2008/6/25 Evgeny Egorochkin <phreedom.stdin at gmail.com>:
> В сообщении от Wednesday 25 June 2008 10:36:41 Mikkel Kamstrup Erlandsen
> написал(а):
>> 2008/6/24 Evgeny Egorochkin <phreedom.stdin at gmail.com>:
>> > В сообщении от Tuesday 24 June 2008 16:05:54 Mikkel Kamstrup Erlandsen
>> >
>> > написал(а):
>> >> 2008/6/24 Mikkel Kamstrup Erlandsen <mikkel.kamstrup at gmail.com>:
>> >> > 2008/6/13 Mikkel Kamstrup Erlandsen <mikkel.kamstrup at gmail.com>:
>> >> >> 2008/6/13 Jos van den Oever <jvdoever at gmail.com>:
>> >> >>> 2008/6/13 Urho Konttori <urho.konttori at nokia.com>:
>> >> >>> > We have been evaluating the Xesam for multiple uses at Nokia and
>> >> >>> > one of them is media player use.
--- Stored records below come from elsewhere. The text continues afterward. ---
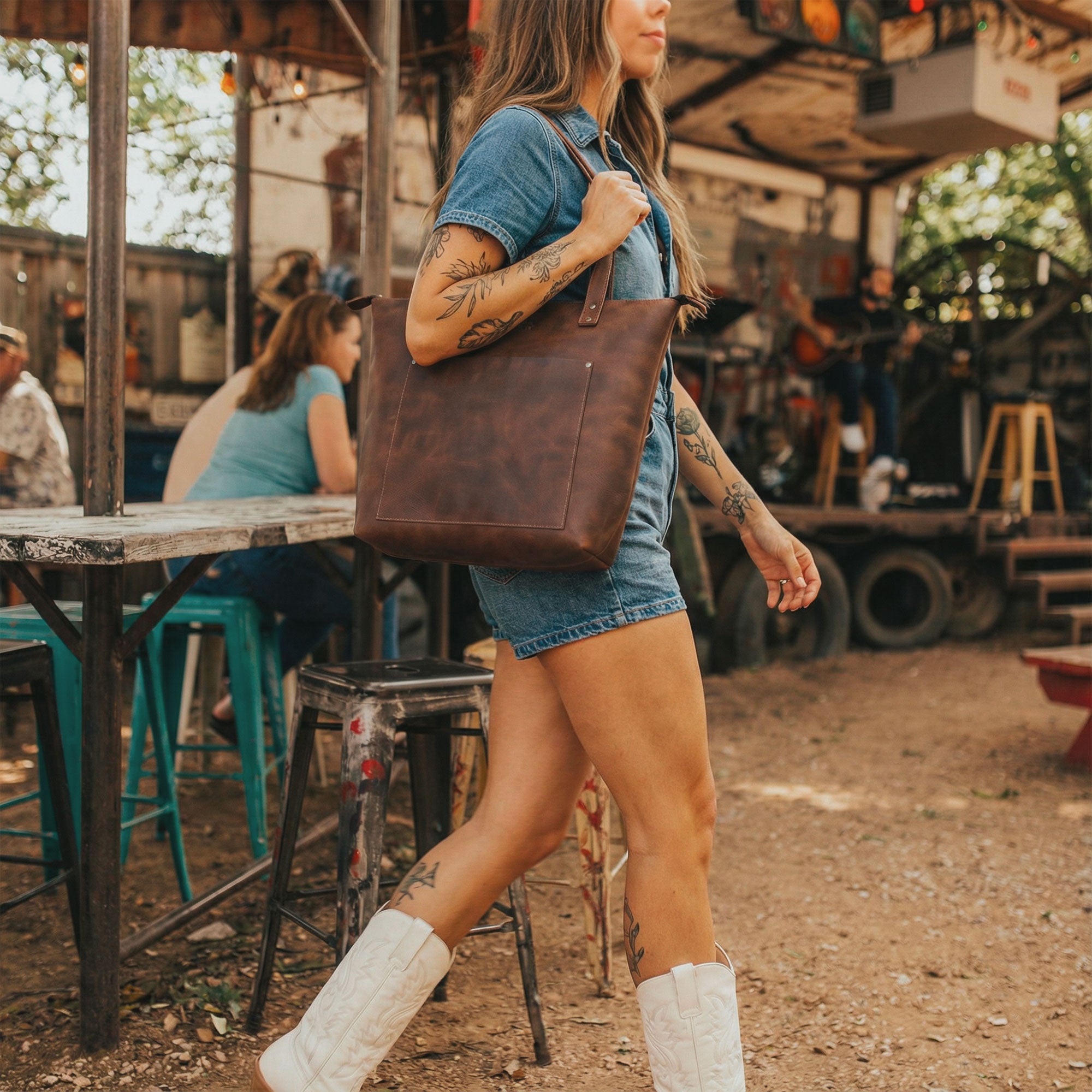 Lifestyle image of The Juniper Zippered Tote Bag being carried outdoors, capturing the spirit of Austin. This handmade bag combines artistry and practicality, made from full grain leather with inspiration drawn from the unmistakable Texas vibe. Crafted in La Antigua Guatemala and Oaxaca Mexico.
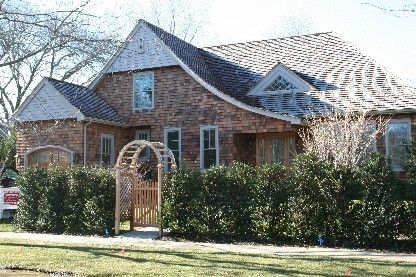 45 Sherrill Road East Hampton, NY 11937 - Photo 2 of 22 a front view of a house with a garden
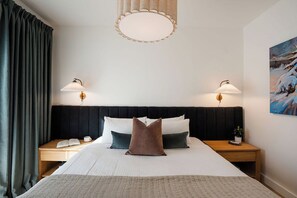 A hotel room with a large bed, two bedside lamps, a nightstand, a painting on the wall, and a window with curtains. - 2 Turns - Revelstoke Vacations (Revelstoke)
In many cases, where all the
>> >> >>> > songs need to be listed, they need to be listed with three sorting
>> >> >>> > criteria: Artist, Album, Track#. Xesam provides only two sorting
>> >> >>> > criteria. Now, you might argue that the application should do the
>> >> >>> > tertiary sorting, but then if we say that, then why two sorting
>> >> >>> > criteria, or one?
>> >> >>> >
>> >> >>> > I'm quite sure this is not the only use case where tertiary
>> >> >>> > sorting (or even more) would be beneficial.
>> >> >>> >
>> >> >>> > Also, the API looks a bit glued when you have primary and
>> >> >>> > secondary sorting as the session properties. Why not instead
>> >> >>> > change it to an array of sort criteria? So, as to call it just
>> >> >>> > sort.fields?
>> >> >>> >
>> >> >>> > It would be very good if this sort of change could still be done
>> >> >>> > to the xesam 1.0 spec, either next to the current primary and
>> >> >>> > secondary sorting, or better yet, as the only way to set the sort
>> >> >>> > order. It would be much cleaner way to do it.
>> >> >>> >
>> >> >>> > Anyway, I'm looking forward to comments on the subject.
>> >> >>>
>> >> >>> I agree with your suggestion.
>> >> >>> We would also need a way for the server to specify what type of
>> >> >>> sorting it supports.
>> >> >>> For example a readonly property: sortableFields and a property that
>> >> >>> says how many sorting fields can be used.
>> >> >>> Some servers may not support sorting at all (grep) or allow only
>> >> >>> sorting on one field.
>> >> >>
>> >> >> I am also for this, although I think it is quite a big feature
>> >> >> compared to our current freeze level.
>> >> >>
>> >> >> It is a good point you raise Jos. I do however think that it might be
>> >> >> acceptable to require the servers to be able to sort the hit data.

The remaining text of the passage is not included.